* [SOURCE DATA]:
□ □ □

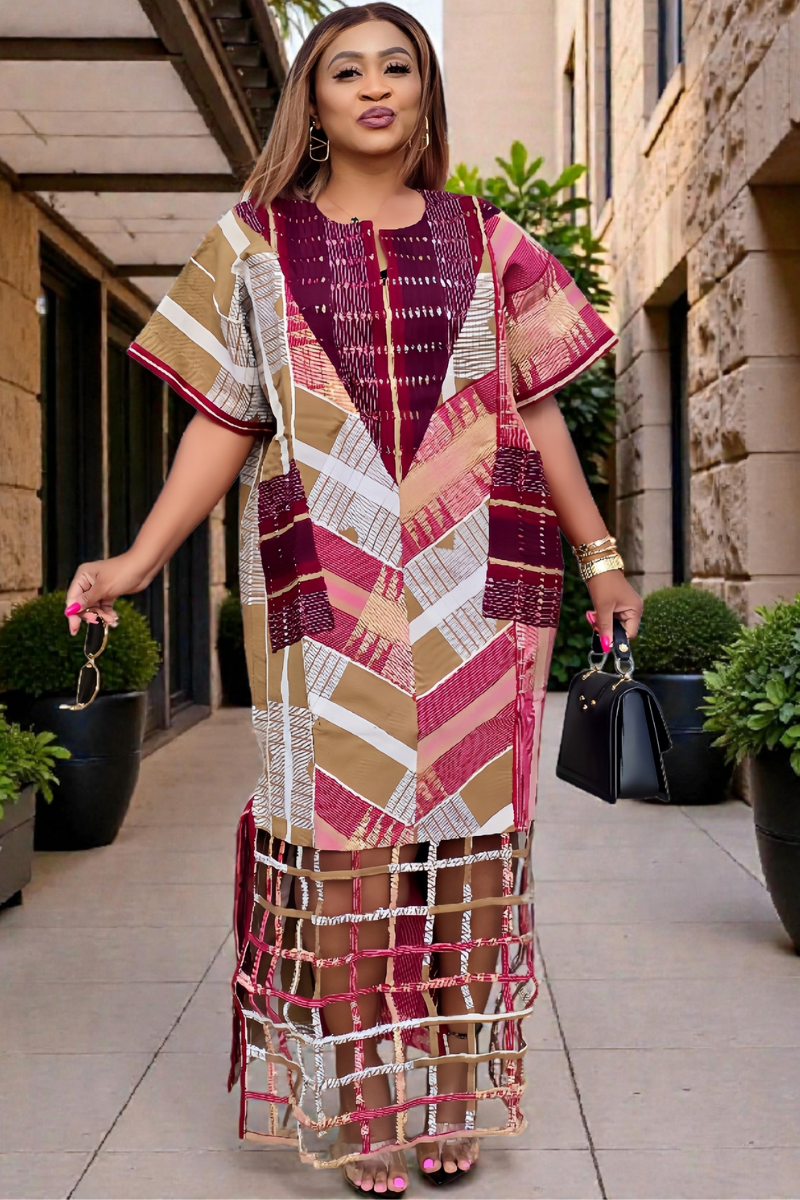 Oriade Aso-Oke Kente Bubu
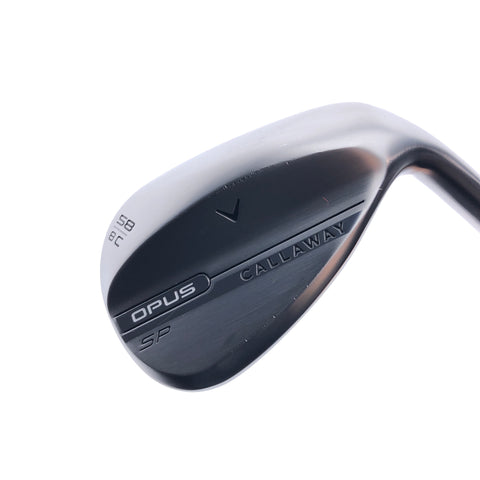 Used Callaway Opus SP 2025 Lob Wedge / 58.0 Degrees / Stiff Flex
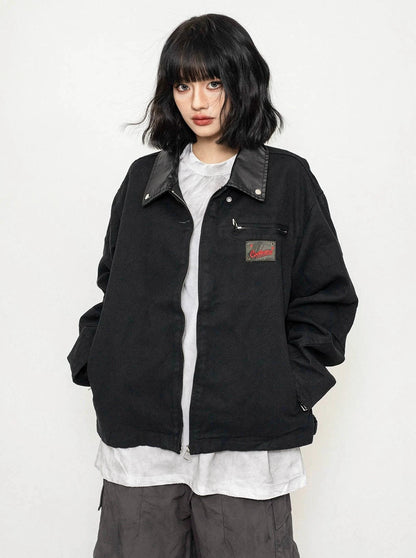 Japanese casual loose jacket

□ □ □

* [ABOUT THIS TASK]:
Only the pictures are to be left out; write out all the other data exactly.

* [YOUR RESPONSE]:
 Oriade Aso-Oke Kente Bubu
 Used Callaway Opus SP 2025 Lob Wedge / 58.0 Degrees / Stiff Flex
 Japanese casual loose jacket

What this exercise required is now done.